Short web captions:

[Start of section]

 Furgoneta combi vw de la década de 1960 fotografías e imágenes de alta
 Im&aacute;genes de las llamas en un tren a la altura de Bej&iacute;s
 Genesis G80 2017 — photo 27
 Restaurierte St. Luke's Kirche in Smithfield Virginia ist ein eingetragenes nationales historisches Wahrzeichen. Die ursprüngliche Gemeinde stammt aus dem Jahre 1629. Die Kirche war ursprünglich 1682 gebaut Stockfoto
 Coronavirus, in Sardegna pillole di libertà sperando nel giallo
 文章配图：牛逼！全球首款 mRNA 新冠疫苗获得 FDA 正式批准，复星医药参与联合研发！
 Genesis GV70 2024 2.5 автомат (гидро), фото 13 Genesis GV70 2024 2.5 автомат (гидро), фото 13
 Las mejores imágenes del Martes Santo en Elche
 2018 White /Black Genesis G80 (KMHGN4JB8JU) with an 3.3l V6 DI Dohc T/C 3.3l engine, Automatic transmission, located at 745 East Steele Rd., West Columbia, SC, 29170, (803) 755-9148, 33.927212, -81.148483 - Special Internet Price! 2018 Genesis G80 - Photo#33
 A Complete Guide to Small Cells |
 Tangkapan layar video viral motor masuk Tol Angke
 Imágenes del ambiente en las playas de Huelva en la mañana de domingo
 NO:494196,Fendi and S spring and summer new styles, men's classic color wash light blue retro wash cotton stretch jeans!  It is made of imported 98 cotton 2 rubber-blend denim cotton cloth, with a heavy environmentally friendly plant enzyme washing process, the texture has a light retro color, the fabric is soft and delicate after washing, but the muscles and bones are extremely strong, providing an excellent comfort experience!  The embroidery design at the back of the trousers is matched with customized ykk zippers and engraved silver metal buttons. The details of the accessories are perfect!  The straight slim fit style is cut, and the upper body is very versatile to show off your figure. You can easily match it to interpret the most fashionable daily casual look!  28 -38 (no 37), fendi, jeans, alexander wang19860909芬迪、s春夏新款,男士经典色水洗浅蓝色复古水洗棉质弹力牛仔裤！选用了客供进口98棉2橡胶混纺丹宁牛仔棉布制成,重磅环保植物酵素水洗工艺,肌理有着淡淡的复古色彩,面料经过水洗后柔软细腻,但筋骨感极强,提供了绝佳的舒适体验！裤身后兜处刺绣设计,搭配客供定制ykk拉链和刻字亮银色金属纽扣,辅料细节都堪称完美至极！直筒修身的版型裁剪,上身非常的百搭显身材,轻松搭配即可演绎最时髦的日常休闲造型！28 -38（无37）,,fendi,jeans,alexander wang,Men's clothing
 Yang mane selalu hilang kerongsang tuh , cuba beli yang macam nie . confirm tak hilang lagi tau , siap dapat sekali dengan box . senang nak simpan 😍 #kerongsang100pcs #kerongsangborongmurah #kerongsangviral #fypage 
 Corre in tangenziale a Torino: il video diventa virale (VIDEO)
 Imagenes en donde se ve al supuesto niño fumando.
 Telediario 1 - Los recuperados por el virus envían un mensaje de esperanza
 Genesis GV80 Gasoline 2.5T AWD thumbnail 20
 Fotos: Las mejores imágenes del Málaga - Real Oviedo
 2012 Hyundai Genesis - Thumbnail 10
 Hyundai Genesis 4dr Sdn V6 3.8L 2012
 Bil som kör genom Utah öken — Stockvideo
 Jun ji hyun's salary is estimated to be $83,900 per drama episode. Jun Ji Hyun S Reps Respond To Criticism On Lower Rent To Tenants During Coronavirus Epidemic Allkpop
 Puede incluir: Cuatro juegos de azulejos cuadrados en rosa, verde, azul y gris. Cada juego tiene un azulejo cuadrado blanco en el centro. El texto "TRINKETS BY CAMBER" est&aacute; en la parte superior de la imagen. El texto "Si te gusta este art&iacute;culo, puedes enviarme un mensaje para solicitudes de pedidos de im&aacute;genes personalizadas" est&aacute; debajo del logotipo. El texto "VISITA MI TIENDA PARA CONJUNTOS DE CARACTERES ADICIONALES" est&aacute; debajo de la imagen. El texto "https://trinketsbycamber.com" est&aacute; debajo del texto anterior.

[End of section]

§ YOUR TASK
Word for word, set down all of the records above.

§ RESULT
 Furgoneta combi vw de la década de 1960 fotografías e imágenes de alta
 Im&aacute;genes de las llamas en un tren a la altura de Bej&iacute;s
 Genesis G80 2017 — photo 27
 Restaurierte St. Luke's Kirche in Smithfield Virginia ist ein eingetragenes nationales historisches Wahrzeichen. Die ursprüngliche Gemeinde stammt aus dem Jahre 1629. Die Kirche war ursprünglich 1682 gebaut Stockfoto
 Coronavirus, in Sardegna pillole di libertà sperando nel giallo
 文章配图：牛逼！全球首款 mRNA 新冠疫苗获得 FDA 正式批准，复星医药参与联合研发！
 Genesis GV70 2024 2.5 автомат (гидро), фото 13 Genesis GV70 2024 2.5 автомат (гидро), фото 13
 Las mejores imágenes del Martes Santo en Elche
 2018 White /Black Genesis G80 (KMHGN4JB8JU) with an 3.3l V6 DI Dohc T/C 3.3l engine, Automatic transmission, located at 745 East Steele Rd., West Columbia, SC, 29170, (803) 755-9148, 33.927212, -81.148483 - Special Internet Price! 2018 Genesis G80 - Photo#33
 A Complete Guide to Small Cells |
 Tangkapan layar video viral motor masuk Tol Angke
 Imágenes del ambiente en las playas de Huelva en la mañana de domingo
 NO:494196,Fendi and S spring and summer new styles, men's classic color wash light blue retro wash cotton stretch jeans!  It is made of imported 98 cotton 2 rubber-blend denim cotton cloth, with a heavy environmentally friendly plant enzyme washing process, the texture has a light retro color, the fabric is soft and delicate after washing, but the muscles and bones are extremely strong, providing an excellent comfort experience!  The embroidery design at the back of the trousers is matched with customized ykk zippers and engraved silver metal buttons. The details of the accessories are perfect!  The straight slim fit style is cut, and the upper body is very versatile to show off your figure. You can easily match it to interpret the most fashionable daily casual look!  28 -38 (no 37), fendi, jeans, alexander wang19860909芬迪、s春夏新款,男士经典色水洗浅蓝色复古水洗棉质弹力牛仔裤！选用了客供进口98棉2橡胶混纺丹宁牛仔棉布制成,重磅环保植物酵素水洗工艺,肌理有着淡淡的复古色彩,面料经过水洗后柔软细腻,但筋骨感极强,提供了绝佳的舒适体验！裤身后兜处刺绣设计,搭配客供定制ykk拉链和刻字亮银色金属纽扣,辅料细节都堪称完美至极！直筒修身的版型裁剪,上身非常的百搭显身材,轻松搭配即可演绎最时髦的日常休闲造型！28 -38（无37）,,fendi,jeans,alexander wang,Men's clothing
 Yang mane selalu hilang kerongsang tuh , cuba beli yang macam nie . confirm tak hilang lagi tau , siap dapat sekali dengan box . senang nak simpan 😍 #kerongsang100pcs #kerongsangborongmurah #kerongsangviral #fypage 
 Corre in tangenziale a Torino: il video diventa virale (VIDEO)
 Imagenes en donde se ve al supuesto niño fumando.
 Telediario 1 - Los recuperados por el virus envían un mensaje de esperanza
 Genesis GV80 Gasoline 2.5T AWD thumbnail 20
 Fotos: Las mejores imágenes del Málaga - Real Oviedo
 2012 Hyundai Genesis - Thumbnail 10
 Hyundai Genesis 4dr Sdn V6 3.8L 2012
 Bil som kör genom Utah öken — Stockvideo
 Jun ji hyun's salary is estimated to be $83,900 per drama episode. Jun Ji Hyun S Reps Respond To Criticism On Lower Rent To Tenants During Coronavirus Epidemic Allkpop
 Puede incluir: Cuatro juegos de azulejos cuadrados en rosa, verde, azul y gris. Cada juego tiene un azulejo cuadrado blanco en el centro. El texto "TRINKETS BY CAMBER" est&aacute; en la parte superior de la imagen. El texto "Si te gusta este art&iacute;culo, puedes enviarme un mensaje para solicitudes de pedidos de im&aacute;genes personalizadas" est&aacute; debajo del logotipo. El texto "VISITA MI TIENDA PARA CONJUNTOS DE CARACTERES ADICIONALES" est&aacute; debajo de la imagen. El texto "https://trinketsbycamber.com" est&aacute; debajo del texto anterior.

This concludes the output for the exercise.